Two evenings before Christmas, they heard a knock at their front door.  On the porch was their neighbor, Tim, wanting to know if they needed help putting up their lights.  He could lend them a ladder.  Tim peered into the living room, wondering aloud why they had no tree or decora-tions, and the whole sad story came pouring out.  He invited the couple to join his family for Christmas dinner, assuring them there would be plenty of food.  Having nowhere else to go, they gratefully accepted.
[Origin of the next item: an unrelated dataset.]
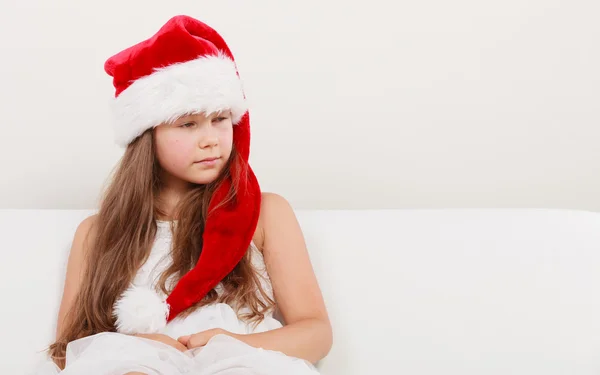 Little girl kid in santa claus hat. Christmas. — Stock Photo, Image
The following night, Tim dropped by again, this time dragging a lush evergreen he’d gotten for a song from a tree dealer eager to clear his lot and head home.  They retrieved their decorations from the attic.  Tim steadied the tree while they secured it in the stand.  They finished stringing up the lights and arranging the ornaments just in time for Midnight Mass.  On Christmas day, Tim and his family welcomed them, inviting them to fill their plates and grab a seat by the tree.  Little did they know, there were gifts for them, too.  Overcome, eyes glistening, they opened up packages of slippers, a throw blanket, hot cocoa mix, cashews, popcorn, and candy.  It was one of their most memorable and joyous Christmases ever.  Tim smiled ear to ear, accepting nothing but their gratitude and the promise that when they were able, they would pass it on.  He could not have imagined what he set in motion that day.

Soon after, their mortgage was approved and they moved into their very own home.  By the following Christmas, they had added a pound puppy to their menagerie and saved up enough to make good on their promise.  For twenty-three years now, they’ve been paying it forward, largely under the radar.  They’d like to keep it that way, so I’m not at liberty to say who they are or exactly what they do, but rest assured, they are real people, just like you.

There are still eight days until Christmas… it’s not too late to spill some joy.  Keep your eyes and ears and heart open; you’ll know what to do.